Photo: Dewayne Neeley on flickr
There is a smart way to default on a loan, but few debtors are savvy enough to pull it off.It’s called negotiated debt settlement.
This route is better for your credit than outright bankruptcy, and it’s better for your wallet than making payment you can’t afford. But most debtors never reach this option because they cave after months of harassment.
The following excerpt from The Unfair Trade by Michael J. Casey describes a smart strategy:
What the bank desperately wants to avoid is a six-month cut-off date. If payments aren’t received by then, it must write off the entire loan on its balance sheet, recognise the loss, and then fight with other unsecured creditors over what could be a measly payout from a drawn-out bankruptcy. That’s why it resorts to the telephone equivalent of saturation bombing during the first 90 days. “They know what’s going to drive you nuts and that you are going to give them $60 just to shut the phone up,” said Bonadio. If just one of those calls hits its target and prompts a minimum payment, the clock kicks back to six months and the bank is in the clear. But if the customer reaches the fourth month with no payment, the game changes. Out of the blue, a settlement letter will arrive from the bank, offering to accept perhaps 50 or 60 cents on the dollar. The savvy debtor will politely demand something more generous. And the bank, weighing the cost of a lower settlement against that of a charge-off will routinely concede. In Bonadio’s case, he settled with Citibank, JPMorgan Chase, and Bank of America for an average 31 per cent of the total, a saving of $37,379.

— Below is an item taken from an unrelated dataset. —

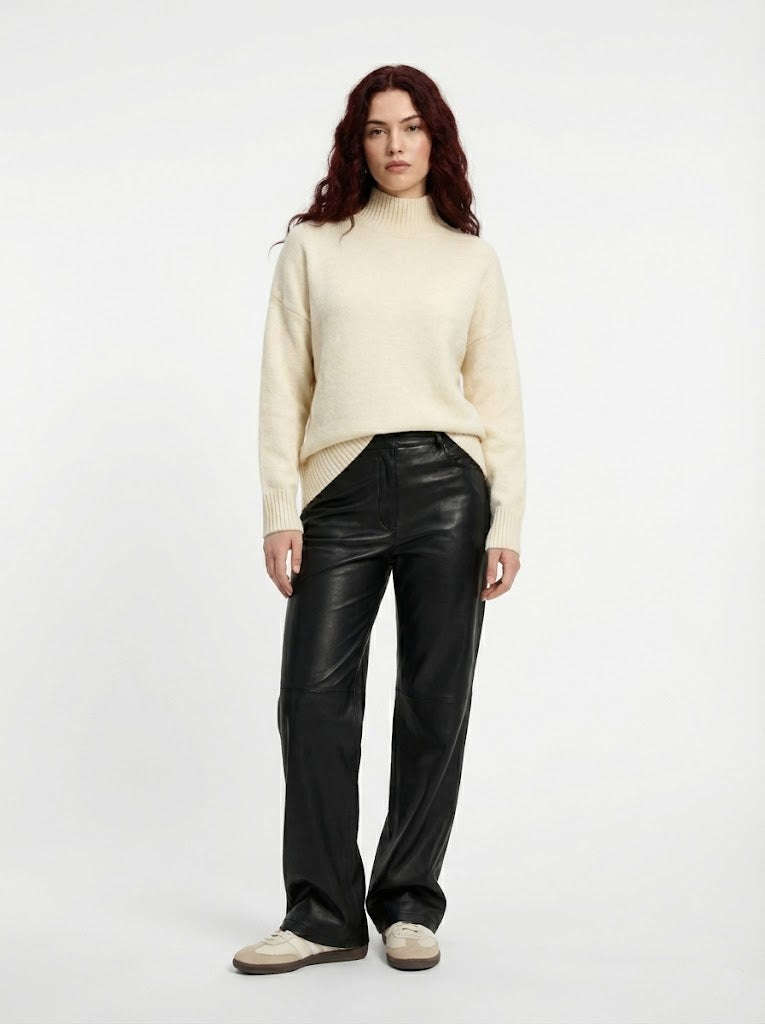 Krem Yarım Balıkçı Yaka Triko Kazak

There’s also a secret weapon for your battle:
Bonadio is one of the few who outwitted the system. Why? Not because of his steely resolve, but rather thanks to the help of yet another digital innovation: caller ID with ring controller. With that little box, he could program the phone to not ring whenever calls came from a number associated with one of the banks’ debt collectors. The machine, he says, kept him sane.